»Die Schutzengel von Mainz«
Prof. Dr. theol. August Schuchert schrieb 1945 in der Mainzer Bistumszeitung »Glaube und Leben«:
Als um 16.30 Uhr der schwere Angriff auf Mainz begann, trug die Oberin, wie es ihr für solche Fälle besonders erlaubt worden war, das Allerheiligste in den Keller und Luftschutzraum des Klosters, wo ein Altar mit einem Tabernakel errichtet war. Da gleich zu Beginn des Angriffs das Kloster getroffen wurde und infolge des gewaltigen Luftdruckes nicht nur alle Türen aufflogen, sondern Mörtel und Verputzstücke von der bebenden Decke bedrohlich herunterfielen, nahm die Oberin des Klosters das Allerheiligste aus dem Tabernakel.
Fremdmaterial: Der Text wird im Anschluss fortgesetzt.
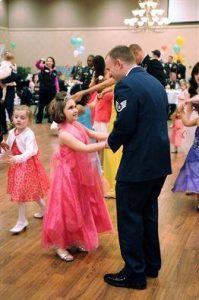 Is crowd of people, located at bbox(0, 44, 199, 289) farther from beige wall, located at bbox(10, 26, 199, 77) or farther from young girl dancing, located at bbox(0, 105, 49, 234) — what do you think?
beige wall, located at bbox(10, 26, 199, 77)

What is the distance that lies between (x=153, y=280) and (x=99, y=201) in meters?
0.69

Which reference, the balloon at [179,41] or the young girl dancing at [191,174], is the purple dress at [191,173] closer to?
the young girl dancing at [191,174]

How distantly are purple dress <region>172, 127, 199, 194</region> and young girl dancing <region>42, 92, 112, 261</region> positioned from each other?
1.32 meters

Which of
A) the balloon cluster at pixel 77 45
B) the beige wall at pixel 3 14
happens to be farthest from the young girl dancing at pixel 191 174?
the beige wall at pixel 3 14

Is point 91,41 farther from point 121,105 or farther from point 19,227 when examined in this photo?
point 121,105

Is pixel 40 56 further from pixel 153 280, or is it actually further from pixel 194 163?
pixel 153 280

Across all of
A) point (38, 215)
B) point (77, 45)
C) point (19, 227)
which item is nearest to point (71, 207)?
point (19, 227)

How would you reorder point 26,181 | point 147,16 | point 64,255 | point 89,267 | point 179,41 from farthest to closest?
1. point 179,41
2. point 147,16
3. point 26,181
4. point 64,255
5. point 89,267

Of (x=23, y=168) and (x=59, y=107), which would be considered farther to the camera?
(x=23, y=168)

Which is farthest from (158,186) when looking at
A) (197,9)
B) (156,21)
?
(197,9)

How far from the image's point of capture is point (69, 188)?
9.59 feet

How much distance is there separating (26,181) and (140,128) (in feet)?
4.54

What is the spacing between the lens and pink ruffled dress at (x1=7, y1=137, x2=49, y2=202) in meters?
3.35

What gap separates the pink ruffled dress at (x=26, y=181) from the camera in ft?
11.0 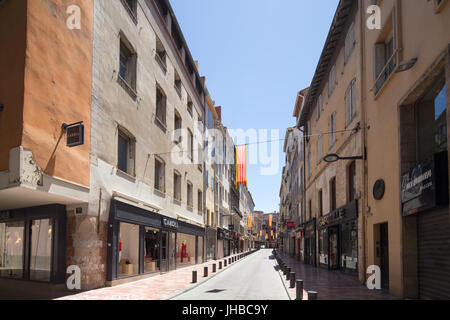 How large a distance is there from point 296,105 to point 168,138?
3036cm

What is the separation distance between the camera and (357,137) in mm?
16828

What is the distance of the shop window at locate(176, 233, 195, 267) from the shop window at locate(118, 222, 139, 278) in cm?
784

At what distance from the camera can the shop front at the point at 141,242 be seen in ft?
49.1

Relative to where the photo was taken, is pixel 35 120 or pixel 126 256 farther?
pixel 126 256

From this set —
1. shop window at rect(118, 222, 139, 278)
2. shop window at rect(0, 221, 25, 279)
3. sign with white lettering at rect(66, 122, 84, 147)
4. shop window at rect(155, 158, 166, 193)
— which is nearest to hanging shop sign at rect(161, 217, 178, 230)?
shop window at rect(155, 158, 166, 193)

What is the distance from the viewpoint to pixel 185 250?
2758 cm

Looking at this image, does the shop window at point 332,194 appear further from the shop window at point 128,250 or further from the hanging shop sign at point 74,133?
the hanging shop sign at point 74,133

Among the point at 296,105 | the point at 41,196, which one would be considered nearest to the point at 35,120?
the point at 41,196

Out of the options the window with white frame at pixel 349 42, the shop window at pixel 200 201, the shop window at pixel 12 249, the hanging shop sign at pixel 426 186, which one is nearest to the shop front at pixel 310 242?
the shop window at pixel 200 201

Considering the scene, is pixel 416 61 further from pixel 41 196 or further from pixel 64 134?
pixel 41 196

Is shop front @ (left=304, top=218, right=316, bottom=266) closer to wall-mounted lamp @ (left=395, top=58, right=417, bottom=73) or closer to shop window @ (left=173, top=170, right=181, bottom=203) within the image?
shop window @ (left=173, top=170, right=181, bottom=203)

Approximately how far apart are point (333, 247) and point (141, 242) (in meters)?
11.8

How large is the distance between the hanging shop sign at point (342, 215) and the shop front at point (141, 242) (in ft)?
31.4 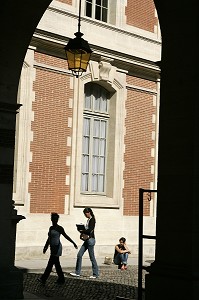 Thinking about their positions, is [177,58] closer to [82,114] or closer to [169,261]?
[169,261]

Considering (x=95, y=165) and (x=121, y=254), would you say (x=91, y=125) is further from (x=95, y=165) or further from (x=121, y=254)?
(x=121, y=254)

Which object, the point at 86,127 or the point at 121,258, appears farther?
the point at 86,127

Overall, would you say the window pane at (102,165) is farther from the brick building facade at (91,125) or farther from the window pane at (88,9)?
the window pane at (88,9)

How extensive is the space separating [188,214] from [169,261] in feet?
1.53

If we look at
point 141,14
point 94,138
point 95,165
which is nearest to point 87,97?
point 94,138

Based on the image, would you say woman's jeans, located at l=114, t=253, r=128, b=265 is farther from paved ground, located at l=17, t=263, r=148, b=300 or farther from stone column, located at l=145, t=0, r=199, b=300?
stone column, located at l=145, t=0, r=199, b=300

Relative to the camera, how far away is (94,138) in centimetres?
2012

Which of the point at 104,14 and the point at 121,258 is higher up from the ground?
the point at 104,14

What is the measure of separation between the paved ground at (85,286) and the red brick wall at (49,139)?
10.2 ft

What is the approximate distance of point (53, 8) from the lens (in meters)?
18.4

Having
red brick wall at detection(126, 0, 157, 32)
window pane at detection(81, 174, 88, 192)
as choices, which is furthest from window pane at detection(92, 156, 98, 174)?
red brick wall at detection(126, 0, 157, 32)

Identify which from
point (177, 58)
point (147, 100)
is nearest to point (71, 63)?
point (177, 58)

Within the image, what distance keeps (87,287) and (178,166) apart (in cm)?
686

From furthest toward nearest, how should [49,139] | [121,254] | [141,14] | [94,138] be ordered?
[141,14]
[94,138]
[49,139]
[121,254] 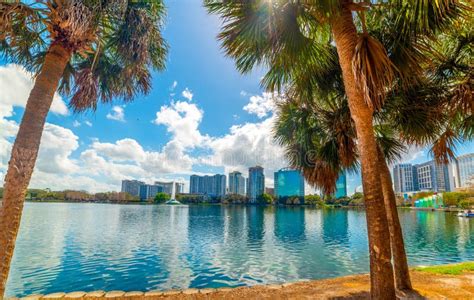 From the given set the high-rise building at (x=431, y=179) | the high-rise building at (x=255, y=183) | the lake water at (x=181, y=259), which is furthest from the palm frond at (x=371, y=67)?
the high-rise building at (x=431, y=179)

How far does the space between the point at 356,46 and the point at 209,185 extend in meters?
116

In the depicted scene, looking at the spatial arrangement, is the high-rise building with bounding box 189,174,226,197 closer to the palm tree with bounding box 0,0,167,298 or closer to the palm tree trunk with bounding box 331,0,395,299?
the palm tree with bounding box 0,0,167,298

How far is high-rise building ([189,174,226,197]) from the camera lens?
4513 inches

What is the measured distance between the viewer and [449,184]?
310 feet

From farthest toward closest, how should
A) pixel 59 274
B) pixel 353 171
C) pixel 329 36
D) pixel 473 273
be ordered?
pixel 59 274, pixel 473 273, pixel 353 171, pixel 329 36

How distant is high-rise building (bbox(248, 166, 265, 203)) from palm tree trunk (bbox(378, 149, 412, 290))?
324ft

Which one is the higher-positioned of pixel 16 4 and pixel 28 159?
pixel 16 4

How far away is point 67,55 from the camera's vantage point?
3.88 meters

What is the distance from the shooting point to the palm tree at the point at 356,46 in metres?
3.03

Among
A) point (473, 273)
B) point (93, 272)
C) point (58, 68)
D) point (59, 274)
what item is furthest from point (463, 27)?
point (59, 274)

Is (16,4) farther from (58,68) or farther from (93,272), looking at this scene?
(93,272)

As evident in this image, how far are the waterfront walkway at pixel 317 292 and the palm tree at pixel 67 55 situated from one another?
267 centimetres

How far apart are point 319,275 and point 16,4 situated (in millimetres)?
12128

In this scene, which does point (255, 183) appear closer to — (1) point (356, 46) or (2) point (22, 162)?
(1) point (356, 46) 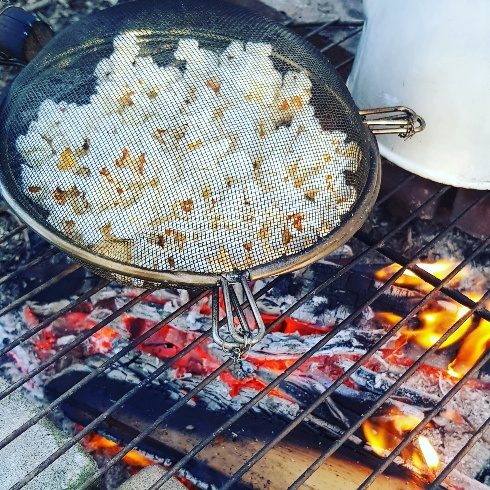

Mit dem Ziborium in der einen und der Custodia mit der Monstranzhostie in der anderen Hand begab sie sich mit ihren Schwestern in den vorderen, noch unbeschädigten Keller. Dort angekommen, stand sie mit den beiden heiligen Gefäßen in den Händen aufrecht bis zum Ende des Angriffs unter ihren 43 Schwestern, die sie kniend und laut betend umringten, während der Boden des Kellers sich mächtig wellenförmig bewegte, die Mauern bebten und dumpfe Detonationen sich in das Rauschen der Bomben und Summen der Motoren mischten. In diesem wankenden Kellerraum, der vom Lärm des Krieges erfüllt wurde, um ihre das Allerheiligste haltende Oberin geschart, im Schein einiger Kerzen, hielt der Konvent seine letzte Anbetung auf Erden.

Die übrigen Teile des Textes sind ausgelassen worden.